Originally Posted Tuesday, February 18, 2014
Illness is now combined with physical ailments. From sitting and lying about so much, my sciatica has returned. To stand is agony. To cough while standing is something beyond that. I am decrepit and withdrawn. And now add something else. Yesterday I ran across a story about Balthus' Polaroids. There was a showing in New York at the Gagosian Gallery (link). The gallery made a YouTube video of the installation (link). Vanity Fair had an article about it (link). And somehow I missed it all. Why? Why didn't anybody tell me? There is a two volume book published of the photographs that I am trying (so far unsuccessfully) to get (link). I have a few leads, but they are dubious at best. Somebody out there help me! Balthus is probably the most controversial artist of the 20th Century. Germany banned the exhibit, a sort of national pride, I'd guess, as moral exemplars of the Western World. Paintings are one thing. Polaroids are another. Balthus entered into a treacherous realm when he picked up a camera. A camera is a dangerous thing. It has been since its invention. It has been called the devil's machine. It takes sweet family vacation pictures and Kodak moments, and then, in a seductive, hypnotic instant. . . it turns provocative. And there is no changing the Polaroid. You can't manipulate the image afterwards without being obvious. A Polaroid just is. Or was. Damn them for taking away such a beautiful tool. Perhaps they were stricken, however, by a powerful moral conscience.
In any case, I need your help. If you can hook me up with a book, let me know. I will give you a print of the Balthus-inspired image above. Estimated worth--five-hundred dollars. Trust me, it's true.

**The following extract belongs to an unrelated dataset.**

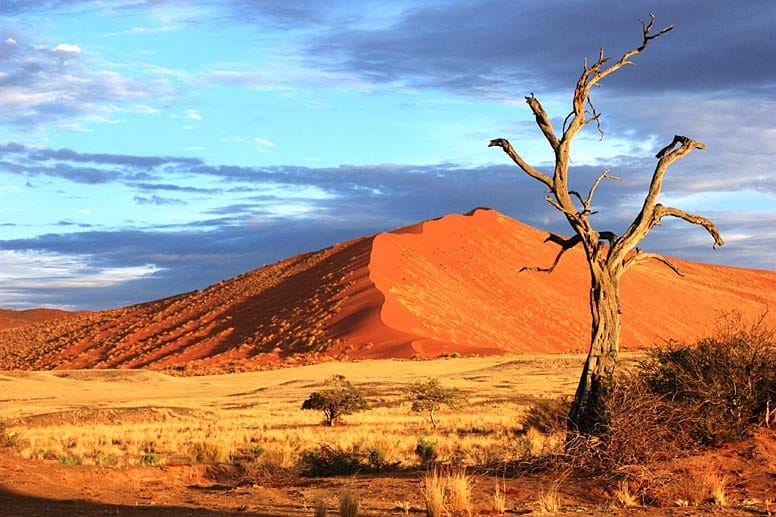 Bis zu 350 Meter hohe Sanddünen finden sich im Sossusvlei in Namibia. Die rote Farbe kommt durch eine hohe Konzentration an Eisenoxid.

This morning, I was inspired by this (link). For a number of reasons. Nella Larsen (Swedish?) was a model, actress, and author who partied with the artistic elite of the 1920s. I can't say more without reading the book, but my imagination is already running wild which is where I love for it to run. And I need that now here in the middle of my miseries. I am home from the factory one more day. I will be off the couch and beginning to move, starting my recovery. I will shower for the first time in three days. I will sit outside and get some sunlight. And I will think of Nella and the twenties, that magical era that only the fifties, the other decade after The War, begins to approach in any way at all.
So I go to recover health remembering Dylan's prophetic line, "You can always come back/ But you can't come back all the way."